Your answer is one number, how many lines in the entries include "then".

Collected data:
Content starts
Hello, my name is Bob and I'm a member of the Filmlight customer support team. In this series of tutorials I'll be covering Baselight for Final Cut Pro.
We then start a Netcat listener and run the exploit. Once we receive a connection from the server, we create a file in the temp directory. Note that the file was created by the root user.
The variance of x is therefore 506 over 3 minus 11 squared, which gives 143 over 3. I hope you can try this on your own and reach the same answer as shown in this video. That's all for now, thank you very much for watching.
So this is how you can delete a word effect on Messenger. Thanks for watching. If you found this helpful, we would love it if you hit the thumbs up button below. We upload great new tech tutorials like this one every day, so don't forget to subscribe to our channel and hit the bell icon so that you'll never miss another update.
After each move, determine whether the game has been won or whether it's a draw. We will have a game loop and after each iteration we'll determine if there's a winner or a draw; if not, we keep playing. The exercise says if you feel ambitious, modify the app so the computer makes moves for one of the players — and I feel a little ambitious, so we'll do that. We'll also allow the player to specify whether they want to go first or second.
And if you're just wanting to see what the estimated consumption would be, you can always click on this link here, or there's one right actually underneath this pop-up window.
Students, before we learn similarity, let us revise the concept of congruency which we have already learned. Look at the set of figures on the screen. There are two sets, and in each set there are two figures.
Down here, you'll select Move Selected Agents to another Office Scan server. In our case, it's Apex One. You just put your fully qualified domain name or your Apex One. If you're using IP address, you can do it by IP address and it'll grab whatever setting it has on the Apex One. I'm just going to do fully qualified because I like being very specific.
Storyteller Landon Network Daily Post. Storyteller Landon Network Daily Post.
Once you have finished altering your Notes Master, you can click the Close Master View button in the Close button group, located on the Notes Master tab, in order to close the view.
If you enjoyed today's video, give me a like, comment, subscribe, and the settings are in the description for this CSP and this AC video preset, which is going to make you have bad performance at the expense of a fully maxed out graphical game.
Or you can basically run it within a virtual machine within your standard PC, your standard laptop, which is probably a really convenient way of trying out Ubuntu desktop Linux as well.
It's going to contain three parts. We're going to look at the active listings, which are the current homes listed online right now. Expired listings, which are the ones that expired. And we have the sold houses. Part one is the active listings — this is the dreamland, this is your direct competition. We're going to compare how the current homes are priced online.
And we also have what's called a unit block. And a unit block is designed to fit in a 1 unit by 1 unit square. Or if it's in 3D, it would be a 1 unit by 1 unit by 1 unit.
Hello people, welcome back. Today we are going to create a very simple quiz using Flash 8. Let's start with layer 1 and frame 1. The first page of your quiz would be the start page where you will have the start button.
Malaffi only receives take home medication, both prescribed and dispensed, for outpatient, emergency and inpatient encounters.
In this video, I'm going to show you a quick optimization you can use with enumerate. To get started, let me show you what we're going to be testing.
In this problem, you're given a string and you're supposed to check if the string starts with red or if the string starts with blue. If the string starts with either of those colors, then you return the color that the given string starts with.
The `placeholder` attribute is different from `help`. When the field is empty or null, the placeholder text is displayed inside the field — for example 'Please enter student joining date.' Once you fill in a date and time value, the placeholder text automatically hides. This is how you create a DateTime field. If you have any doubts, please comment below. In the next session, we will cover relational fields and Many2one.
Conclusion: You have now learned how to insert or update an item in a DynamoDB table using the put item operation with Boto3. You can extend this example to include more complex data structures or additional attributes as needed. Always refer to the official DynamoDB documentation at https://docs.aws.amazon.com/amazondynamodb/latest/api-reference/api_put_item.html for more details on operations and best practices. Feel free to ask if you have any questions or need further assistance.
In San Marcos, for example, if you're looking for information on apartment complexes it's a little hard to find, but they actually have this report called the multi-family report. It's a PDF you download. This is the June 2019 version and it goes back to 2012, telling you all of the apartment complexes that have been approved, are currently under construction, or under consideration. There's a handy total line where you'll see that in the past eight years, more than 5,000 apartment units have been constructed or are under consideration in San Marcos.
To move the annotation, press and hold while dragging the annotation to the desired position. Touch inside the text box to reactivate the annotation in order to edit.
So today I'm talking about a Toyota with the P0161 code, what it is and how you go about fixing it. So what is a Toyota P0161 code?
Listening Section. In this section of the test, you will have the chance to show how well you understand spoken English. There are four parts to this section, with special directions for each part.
Content ends
## SOLUTION
2